Order a Multicolumn Real Matrix into a Quad Tree

DESCRIPTION:

The quad.tree function performs a recursive partitioning of a numeric matrix, returning row and column index vectors and a list of medians which may be used to sort the matrix. The quad tree object is subsequently used in a nearest neighbor search of the matrix (see find.neighbor ).

USAGE:

quad.tree(x, bucket.size=1) 

REQUIRED ARGUMENTS:

x
the numeric matrix from which the quad tree is constructed.

OPTIONAL ARGUMENTS:

bucket.size
the maximum size for any leaf on the quad tree. This parameter affects the computational time for neighbor search algorithms. The larger the bucket size, the larger the number of observations which need to be examined when performing a search for nearest neighbors on the quad tree. On the other hand, larger bucket sizes may mean that fewer leaves need to be considered. A bucket size of, say, five seems acceptable in many circumstances, though our default of 1 provides a safe value.

VALUE:

an object of class "quad.tree" containing the following components:
data
the matrix x.
nrow
the number of rows in data.
ncol
the number of columns in data.
bucket.size
the bucket size used in the quad tree search.
row.index
the row ordering of the quad tree.
col.index
the columns used to partition the data into a quad tree.
medians
the medians used in partitioning the data into a quad tree.

DETAILS:

A quad tree is a partitioning of the rows in a matrix which can subsequently be used to efficiently find the rows in the matrix closest (using a variety of metrics) to any given point. Quad trees (also called k-d trees) are thought to be efficient for finding nearest neighbors when the number of columns in the matrix is less than or equal to 10.
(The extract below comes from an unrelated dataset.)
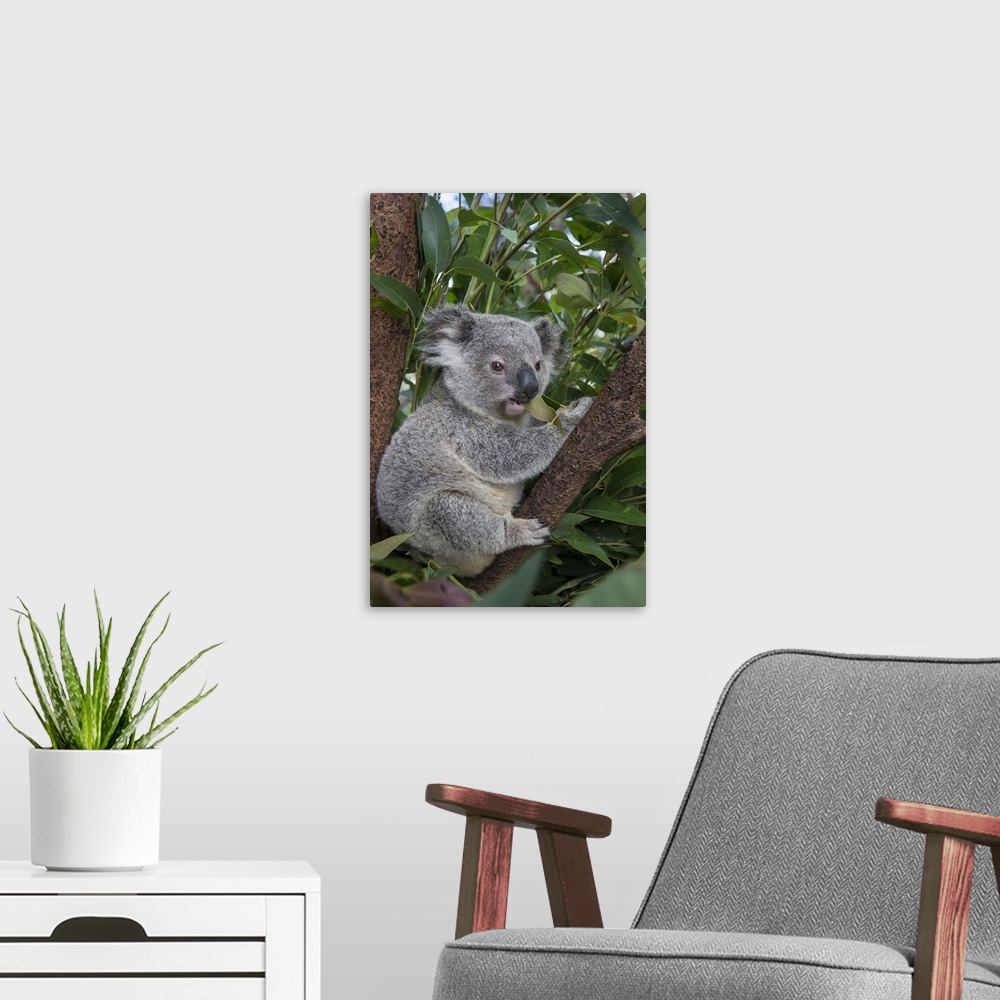 A modern room featuring Koala .Phascolarctos cinereus.Eleven-month-old joey.Queensland, Australia.*Captive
The partitioning algorithm proceeds as follows:

1. Set lower = 1 and upper = nrow (the index of the first and last row in the matrix x). In the following, only consider the rows of x from lower to upper. 2. Compute the range of each column of x over the range of observations from lower to upper. Set icol to the column number with the maximum range. 3. Find the median for column icol, and order the rows in the data matrix x over the range lower to upper such that the median evenly splits the rows. 4. If upper - lower = bucket.size, return. 5. Go to step 2 with lower unchanged and upper set to (upper+lower)/2 (the left child of the tree). 6. Go to step 2 with lower set to (upper+lower)/2 + 1, and upper unchanged (the right child of the tree).

REFERENCES:

Friedman, J., Bentley, J. L., and Finkel, R. A. (1977). An algorithm for finding best matches in logarithmic expected time. ACM Transaction on Mathematical Software 3, 209-226.

SEE ALSO:

.

EXAMPLES:

x <- matrix(runif(500),50,10) 
quad <- quad.tree(x) 
y <- cbind(sids$easting,sids$northing) 
sids.quad <- quad.tree(y) 
sids.quad <- quad.tree(y, bucket.size=5)